▶ _TO DO_
From the data underneath, reproduce exactly the stretch that begins at the line with "Beautiful male and" and ends after the line with "Jake Cunningham and".
[Opening RECORDS FOR THIS TASK section]
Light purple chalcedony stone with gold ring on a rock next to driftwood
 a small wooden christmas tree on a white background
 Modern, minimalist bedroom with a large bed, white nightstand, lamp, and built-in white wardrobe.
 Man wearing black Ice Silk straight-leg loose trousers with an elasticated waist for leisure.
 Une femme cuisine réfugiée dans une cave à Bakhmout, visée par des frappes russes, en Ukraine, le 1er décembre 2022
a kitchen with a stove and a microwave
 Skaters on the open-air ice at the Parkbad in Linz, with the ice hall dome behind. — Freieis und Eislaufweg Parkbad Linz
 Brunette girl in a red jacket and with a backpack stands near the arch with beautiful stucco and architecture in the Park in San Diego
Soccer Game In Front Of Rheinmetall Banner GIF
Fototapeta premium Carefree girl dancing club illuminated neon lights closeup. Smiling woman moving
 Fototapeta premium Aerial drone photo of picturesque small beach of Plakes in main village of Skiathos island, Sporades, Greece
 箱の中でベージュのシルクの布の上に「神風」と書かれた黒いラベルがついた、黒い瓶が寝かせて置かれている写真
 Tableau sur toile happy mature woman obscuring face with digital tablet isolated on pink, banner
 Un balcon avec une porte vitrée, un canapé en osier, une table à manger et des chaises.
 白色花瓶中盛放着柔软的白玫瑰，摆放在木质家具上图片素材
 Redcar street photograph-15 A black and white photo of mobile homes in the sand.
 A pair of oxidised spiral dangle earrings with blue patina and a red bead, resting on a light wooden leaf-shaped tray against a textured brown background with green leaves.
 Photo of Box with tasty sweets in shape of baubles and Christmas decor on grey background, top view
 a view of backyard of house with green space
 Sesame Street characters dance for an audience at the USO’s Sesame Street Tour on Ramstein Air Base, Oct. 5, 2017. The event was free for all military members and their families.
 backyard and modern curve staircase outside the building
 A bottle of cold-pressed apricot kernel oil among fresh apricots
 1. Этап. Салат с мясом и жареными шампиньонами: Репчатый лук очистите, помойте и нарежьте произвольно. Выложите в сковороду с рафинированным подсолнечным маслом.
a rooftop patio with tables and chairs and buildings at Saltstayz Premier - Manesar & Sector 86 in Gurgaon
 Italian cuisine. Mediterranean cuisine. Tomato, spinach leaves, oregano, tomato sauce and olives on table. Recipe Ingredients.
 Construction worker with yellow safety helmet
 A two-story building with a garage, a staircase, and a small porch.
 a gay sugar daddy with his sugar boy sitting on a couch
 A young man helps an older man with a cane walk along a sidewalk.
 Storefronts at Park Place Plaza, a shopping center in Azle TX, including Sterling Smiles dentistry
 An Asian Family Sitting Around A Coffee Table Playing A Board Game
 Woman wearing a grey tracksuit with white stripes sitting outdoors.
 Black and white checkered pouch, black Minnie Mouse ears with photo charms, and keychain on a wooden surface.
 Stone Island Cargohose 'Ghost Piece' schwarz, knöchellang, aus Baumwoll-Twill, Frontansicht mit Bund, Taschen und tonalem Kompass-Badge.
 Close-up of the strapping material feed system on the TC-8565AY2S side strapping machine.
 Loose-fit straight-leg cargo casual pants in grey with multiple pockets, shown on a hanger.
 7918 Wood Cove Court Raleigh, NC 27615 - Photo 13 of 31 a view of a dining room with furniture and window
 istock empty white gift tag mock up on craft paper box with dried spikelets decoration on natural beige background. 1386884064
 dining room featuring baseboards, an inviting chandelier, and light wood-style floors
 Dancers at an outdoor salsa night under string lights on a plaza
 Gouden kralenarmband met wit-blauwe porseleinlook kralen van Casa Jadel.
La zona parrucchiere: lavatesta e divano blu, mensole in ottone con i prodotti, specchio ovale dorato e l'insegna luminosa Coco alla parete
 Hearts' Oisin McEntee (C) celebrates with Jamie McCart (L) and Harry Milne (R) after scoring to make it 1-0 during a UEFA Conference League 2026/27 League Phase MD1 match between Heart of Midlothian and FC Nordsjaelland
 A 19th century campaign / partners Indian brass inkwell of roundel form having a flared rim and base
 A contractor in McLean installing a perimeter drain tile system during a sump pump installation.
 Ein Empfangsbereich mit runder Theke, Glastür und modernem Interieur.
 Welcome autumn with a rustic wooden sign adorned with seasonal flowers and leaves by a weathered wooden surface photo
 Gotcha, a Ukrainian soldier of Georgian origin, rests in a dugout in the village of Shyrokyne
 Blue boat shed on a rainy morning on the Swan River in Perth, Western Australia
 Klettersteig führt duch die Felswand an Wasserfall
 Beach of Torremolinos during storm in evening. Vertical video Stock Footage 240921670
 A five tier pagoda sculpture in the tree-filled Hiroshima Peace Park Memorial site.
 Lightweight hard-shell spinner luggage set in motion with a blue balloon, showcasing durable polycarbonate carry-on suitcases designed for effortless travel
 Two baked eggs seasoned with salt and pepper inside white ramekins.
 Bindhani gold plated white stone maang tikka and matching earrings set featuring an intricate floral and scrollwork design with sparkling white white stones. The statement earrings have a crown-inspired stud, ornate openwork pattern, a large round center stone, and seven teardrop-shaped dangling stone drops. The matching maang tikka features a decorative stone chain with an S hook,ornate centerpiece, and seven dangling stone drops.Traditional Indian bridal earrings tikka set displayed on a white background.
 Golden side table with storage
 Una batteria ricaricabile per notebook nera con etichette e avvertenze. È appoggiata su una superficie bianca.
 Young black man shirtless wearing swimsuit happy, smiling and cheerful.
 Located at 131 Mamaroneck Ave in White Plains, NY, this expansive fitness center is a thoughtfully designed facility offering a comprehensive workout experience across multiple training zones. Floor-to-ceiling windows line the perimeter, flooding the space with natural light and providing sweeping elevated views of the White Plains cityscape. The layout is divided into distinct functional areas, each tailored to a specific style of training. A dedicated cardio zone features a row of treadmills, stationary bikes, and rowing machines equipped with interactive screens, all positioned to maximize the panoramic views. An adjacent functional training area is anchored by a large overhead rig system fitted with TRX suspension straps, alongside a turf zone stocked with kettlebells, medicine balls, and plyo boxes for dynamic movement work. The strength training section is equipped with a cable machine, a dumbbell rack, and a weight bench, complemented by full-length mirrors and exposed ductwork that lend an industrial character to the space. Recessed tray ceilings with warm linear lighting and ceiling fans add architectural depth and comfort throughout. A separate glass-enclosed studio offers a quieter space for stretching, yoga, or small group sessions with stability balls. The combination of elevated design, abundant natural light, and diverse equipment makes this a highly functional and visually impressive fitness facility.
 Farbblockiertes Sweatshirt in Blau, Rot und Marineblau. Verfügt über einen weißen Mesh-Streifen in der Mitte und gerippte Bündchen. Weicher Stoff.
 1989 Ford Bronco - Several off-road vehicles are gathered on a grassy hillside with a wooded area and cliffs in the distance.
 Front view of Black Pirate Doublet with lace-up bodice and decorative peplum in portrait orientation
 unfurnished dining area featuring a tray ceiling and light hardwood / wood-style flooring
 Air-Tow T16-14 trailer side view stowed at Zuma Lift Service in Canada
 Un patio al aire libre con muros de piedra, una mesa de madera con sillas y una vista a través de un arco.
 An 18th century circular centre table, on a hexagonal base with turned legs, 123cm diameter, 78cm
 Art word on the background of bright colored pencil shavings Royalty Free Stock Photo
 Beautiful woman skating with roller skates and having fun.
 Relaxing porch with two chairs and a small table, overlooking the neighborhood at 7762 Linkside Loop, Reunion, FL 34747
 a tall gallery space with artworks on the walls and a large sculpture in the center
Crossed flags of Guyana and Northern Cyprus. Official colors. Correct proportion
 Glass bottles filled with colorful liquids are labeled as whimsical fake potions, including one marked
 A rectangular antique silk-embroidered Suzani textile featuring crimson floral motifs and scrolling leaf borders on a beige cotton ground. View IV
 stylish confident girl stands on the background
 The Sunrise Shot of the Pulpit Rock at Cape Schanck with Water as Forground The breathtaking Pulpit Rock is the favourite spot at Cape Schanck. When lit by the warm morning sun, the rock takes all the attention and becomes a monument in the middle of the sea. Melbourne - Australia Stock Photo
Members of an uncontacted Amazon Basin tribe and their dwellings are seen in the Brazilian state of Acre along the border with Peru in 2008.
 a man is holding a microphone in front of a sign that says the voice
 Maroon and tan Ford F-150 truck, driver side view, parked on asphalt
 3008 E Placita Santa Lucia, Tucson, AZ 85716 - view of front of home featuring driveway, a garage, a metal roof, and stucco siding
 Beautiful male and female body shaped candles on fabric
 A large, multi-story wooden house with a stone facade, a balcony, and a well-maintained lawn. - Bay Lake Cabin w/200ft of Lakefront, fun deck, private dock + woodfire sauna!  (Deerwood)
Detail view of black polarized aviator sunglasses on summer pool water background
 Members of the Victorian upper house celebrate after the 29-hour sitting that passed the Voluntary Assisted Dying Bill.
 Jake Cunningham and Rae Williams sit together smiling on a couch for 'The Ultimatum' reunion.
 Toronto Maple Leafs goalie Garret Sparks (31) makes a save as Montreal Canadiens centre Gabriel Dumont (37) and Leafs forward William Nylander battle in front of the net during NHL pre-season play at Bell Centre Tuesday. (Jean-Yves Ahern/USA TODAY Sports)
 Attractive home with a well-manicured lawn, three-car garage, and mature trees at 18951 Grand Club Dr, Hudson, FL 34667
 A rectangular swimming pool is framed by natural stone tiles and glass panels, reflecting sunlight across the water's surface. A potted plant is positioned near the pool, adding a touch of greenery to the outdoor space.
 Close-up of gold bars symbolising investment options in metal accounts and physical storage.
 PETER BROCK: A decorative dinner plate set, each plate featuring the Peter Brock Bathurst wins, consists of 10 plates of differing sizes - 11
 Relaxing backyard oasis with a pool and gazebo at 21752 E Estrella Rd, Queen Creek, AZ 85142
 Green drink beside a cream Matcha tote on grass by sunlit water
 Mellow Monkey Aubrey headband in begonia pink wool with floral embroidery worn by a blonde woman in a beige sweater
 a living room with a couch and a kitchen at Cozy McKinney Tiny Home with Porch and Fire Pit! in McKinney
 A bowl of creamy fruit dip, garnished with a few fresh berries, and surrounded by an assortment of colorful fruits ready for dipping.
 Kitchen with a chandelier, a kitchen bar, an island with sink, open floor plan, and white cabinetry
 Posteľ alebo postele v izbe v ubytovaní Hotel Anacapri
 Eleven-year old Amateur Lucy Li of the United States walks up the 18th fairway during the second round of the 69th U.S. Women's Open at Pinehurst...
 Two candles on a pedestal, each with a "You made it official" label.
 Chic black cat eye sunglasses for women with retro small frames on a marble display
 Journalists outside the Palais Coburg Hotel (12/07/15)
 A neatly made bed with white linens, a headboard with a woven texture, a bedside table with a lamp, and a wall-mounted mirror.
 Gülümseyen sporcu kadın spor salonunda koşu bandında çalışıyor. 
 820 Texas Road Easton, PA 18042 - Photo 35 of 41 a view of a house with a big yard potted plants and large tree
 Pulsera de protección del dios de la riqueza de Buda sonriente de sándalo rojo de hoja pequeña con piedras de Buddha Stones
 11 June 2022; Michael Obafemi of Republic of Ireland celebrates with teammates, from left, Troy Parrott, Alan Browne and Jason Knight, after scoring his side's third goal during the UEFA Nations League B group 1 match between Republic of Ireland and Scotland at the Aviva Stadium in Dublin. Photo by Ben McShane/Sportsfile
[Closing RECORDS FOR THIS TASK section]
▶ _OUTPUT_
 Beautiful male and female body shaped candles on fabric
 A large, multi-story wooden house with a stone facade, a balcony, and a well-maintained lawn. - Bay Lake Cabin w/200ft of Lakefront, fun deck, private dock + woodfire sauna!  (Deerwood)
Detail view of black polarized aviator sunglasses on summer pool water background
 Members of the Victorian upper house celebrate after the 29-hour sitting that passed the Voluntary Assisted Dying Bill.
 Jake Cunningham and Rae Williams sit together smiling on a couch for 'The Ultimatum' reunion.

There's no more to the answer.